Na impossibilidade de fazer parte deste planejamento
sinistro, sempre tentei deixar que as experiências dentro do ateliê (onde
durante um ano foram dedicadas sessenta e oito horas mensais) se deliberassem
por si. O “recuo do educador”, imprescindível para abandonar as propostas já estipuladas
pelo projeto-pensado-sinistro, foi o eixo central para o "deixar surgir".
Visando sempre o estar junto, com o mínimo de intervenções, o inato ao grupo pôde
começar a surgir frente aos encontros e o espaço. Daí, e somente daí é que poderíamos
fazer um pacto ético não mais com o projeto-pensado e sim com as vibrações,
expectativas, desejos, tensões e alternativas criadas pelo encontro. A partir
disso, estivemos aptos a observar e apreender como criamos movimentos
individuais e coletivos de permanência no bom da vida que é cada vez mais somente
estar livre de pilhagens que impedem o seu curso com satisfação e sossego. Num constante exercitar da escuta pôde-se
criar uma "linha do futuro" com as expectativas que cada um de nós
trazíamos. Aqui aparece a primeira discordância com o projeto-pensado, onde visitamos
não mais sonhos ora individuais e ora coletivos, mas sim uma subjetividade onde
todos ficam de certa medida, entrelaçados uns às movenças dos outros. Vale
dizer que, para isso, foi importante nos desfazer do excesso de coletividade
que permeia o programa.
De tudo que vivemos o que
sinto ser mais importante e que vale ser partilhado, é que todos os encontros
incorporaram o descanso às tarefas. Nisso, as atividades verdadeiras nasciam
quando saiam do roteiro (linha do futuro que criamos em conjunto após
verificarmos os motivos que se entrelaçavam) concebido pelos participantes.

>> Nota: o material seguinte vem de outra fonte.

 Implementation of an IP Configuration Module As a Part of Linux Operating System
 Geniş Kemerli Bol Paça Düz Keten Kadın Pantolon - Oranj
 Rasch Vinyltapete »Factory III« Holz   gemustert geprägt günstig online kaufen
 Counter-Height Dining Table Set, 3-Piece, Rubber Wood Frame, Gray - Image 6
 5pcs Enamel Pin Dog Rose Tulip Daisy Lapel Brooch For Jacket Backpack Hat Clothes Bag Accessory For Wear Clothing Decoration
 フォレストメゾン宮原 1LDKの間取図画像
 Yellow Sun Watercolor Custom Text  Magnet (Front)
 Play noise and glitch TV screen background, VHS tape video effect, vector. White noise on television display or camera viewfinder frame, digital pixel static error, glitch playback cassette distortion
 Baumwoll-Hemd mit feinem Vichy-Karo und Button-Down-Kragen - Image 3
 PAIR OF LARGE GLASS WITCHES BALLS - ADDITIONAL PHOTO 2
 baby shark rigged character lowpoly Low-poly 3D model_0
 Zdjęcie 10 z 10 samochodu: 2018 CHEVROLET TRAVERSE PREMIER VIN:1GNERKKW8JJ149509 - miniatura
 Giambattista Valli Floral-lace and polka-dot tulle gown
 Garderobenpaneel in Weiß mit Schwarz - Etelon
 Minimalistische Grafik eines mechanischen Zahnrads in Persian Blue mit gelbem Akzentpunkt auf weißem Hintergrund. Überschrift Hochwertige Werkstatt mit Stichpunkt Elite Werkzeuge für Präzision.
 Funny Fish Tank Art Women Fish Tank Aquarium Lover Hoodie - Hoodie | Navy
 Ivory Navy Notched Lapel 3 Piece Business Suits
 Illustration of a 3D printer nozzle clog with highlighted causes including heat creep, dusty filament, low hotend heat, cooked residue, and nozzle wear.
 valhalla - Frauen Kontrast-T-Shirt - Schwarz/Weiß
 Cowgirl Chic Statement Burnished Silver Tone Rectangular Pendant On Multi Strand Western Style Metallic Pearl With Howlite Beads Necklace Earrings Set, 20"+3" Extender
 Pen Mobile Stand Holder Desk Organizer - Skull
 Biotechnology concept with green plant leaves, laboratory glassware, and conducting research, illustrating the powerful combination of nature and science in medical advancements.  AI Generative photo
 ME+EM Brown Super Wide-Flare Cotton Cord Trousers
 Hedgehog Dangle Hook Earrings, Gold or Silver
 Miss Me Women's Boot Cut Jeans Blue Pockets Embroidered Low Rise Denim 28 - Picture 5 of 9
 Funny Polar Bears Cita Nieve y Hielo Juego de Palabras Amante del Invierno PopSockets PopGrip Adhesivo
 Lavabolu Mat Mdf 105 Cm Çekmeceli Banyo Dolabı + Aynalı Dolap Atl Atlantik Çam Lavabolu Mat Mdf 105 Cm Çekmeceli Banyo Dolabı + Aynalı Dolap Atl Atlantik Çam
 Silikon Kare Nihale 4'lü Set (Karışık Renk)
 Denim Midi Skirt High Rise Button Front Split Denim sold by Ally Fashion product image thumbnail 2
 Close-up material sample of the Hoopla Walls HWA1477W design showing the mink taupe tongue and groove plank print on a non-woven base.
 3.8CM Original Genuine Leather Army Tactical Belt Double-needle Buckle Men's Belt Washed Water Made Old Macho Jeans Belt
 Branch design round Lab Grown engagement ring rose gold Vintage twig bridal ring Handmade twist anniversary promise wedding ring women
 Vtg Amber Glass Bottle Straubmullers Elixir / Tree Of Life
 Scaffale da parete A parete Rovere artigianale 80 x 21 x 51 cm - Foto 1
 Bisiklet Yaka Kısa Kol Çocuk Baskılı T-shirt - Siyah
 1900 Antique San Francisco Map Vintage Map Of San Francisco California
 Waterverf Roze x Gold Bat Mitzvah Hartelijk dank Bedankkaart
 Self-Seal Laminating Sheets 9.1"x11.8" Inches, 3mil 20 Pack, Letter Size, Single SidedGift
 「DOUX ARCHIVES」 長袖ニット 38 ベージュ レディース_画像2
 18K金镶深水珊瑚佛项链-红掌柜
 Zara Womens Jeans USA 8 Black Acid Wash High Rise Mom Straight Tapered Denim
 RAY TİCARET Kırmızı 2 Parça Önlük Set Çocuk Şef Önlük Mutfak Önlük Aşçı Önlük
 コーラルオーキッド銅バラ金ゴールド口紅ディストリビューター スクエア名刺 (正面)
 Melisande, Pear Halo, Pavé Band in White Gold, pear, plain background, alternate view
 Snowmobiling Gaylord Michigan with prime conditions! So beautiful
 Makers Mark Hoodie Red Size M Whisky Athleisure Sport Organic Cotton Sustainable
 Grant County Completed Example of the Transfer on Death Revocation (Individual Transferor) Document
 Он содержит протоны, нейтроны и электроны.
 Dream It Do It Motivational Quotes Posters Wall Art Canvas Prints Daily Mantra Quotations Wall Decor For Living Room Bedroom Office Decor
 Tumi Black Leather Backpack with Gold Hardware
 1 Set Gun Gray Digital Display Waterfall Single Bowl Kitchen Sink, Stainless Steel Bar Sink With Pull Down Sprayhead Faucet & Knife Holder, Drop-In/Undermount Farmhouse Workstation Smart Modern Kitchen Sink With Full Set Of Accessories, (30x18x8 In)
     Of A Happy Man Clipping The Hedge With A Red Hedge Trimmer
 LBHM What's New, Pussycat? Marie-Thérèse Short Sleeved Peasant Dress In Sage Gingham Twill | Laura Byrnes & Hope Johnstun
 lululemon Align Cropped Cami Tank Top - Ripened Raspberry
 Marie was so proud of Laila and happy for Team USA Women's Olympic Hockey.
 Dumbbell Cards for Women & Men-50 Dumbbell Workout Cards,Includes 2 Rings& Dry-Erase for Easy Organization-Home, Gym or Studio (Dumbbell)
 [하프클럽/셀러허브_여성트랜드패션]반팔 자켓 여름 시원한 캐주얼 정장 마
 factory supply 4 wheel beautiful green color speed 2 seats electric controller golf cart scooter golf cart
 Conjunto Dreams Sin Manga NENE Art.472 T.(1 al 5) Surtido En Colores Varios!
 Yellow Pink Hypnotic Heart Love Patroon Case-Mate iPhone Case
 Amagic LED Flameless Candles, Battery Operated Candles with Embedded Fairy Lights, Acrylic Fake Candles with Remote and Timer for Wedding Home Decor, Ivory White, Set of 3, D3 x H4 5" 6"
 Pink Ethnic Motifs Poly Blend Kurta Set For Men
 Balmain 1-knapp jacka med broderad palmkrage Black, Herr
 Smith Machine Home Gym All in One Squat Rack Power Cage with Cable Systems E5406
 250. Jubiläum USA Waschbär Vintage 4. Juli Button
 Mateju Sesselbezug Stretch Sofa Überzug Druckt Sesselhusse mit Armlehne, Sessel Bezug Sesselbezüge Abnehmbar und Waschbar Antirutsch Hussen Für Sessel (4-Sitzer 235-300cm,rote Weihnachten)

Eram nos momentos de distensão, em que ficávamos ao "para nada", que
surgiam percursos e atividades que nos faziam respirar. Estas curvas
respiratórias nos lançavam ao cerne da criatividade. Estes encontros surgiam
quando o grupo abandonava as tarefas, alegando desanimo ou cansaço que, ao
invés de serem reprimidos, eram acolhidos como sentimentos nobres. Ao acolher
estes hóspedes, aos quais a “sociedade do desempenho” vem rejeitando, éramos lançados
a capacidades especiais de transfiguração da realidade. A isso vale se juntar
aos chamados sobre Crelazer (Helio
Oiticica) e Pedagogia Devaneante(Gaston
Bachelard) onde nos é sugerido uma “melancolia ligante”, o cansaço criador
gerador do repouso onde uma ira necessária para as grandes criações transformadoras
pode ganhar espaço.
Mas ainda nos aceitamos obrigados,
nós mães, pais e educador(ae)s a conviver com instituições educacionais que não
suportam sentimentos humanos como a ira, o cansaço, o devaneio, assim como o descanso,
criação e a transformação. Frente a encontros onde tudo é dispositivo para a
emancipação (jovens e crianças tomadas pelas pulsões criadoras/transformadoras
da arte) as instituições preferem recuar, zelando mais pelo espaço e pelo acordo
imposto - alegando ainda que é para a nossa segurança e para o bem estar de
nossos filhos -, do que pelos participantes e propostas que surgem a partir dos
encontros. Ou seja, falta muito para conseguirmos bancar as crianças em estado
de arte e a arte em estado de criança.
Apesar de, é preciso
amar. Por isso só tenho a agradecer a vida por, sempre que preciso, pedalar as
eras. Agradeço a todos que conheci nesta caminhada e que levo comigo aqui
agora. Estamos juntos e, por mais que ainda permanecemos suportando esta
vida-farsa de escravos econômicos num regime democrático de aparências, pouco a
pouco somos incondicionalmente arrastados para lugares sem arranjos humanos,
sem preparo e sem domínio, onde a única medida ainda é a amizade e a vibração
do surgimento.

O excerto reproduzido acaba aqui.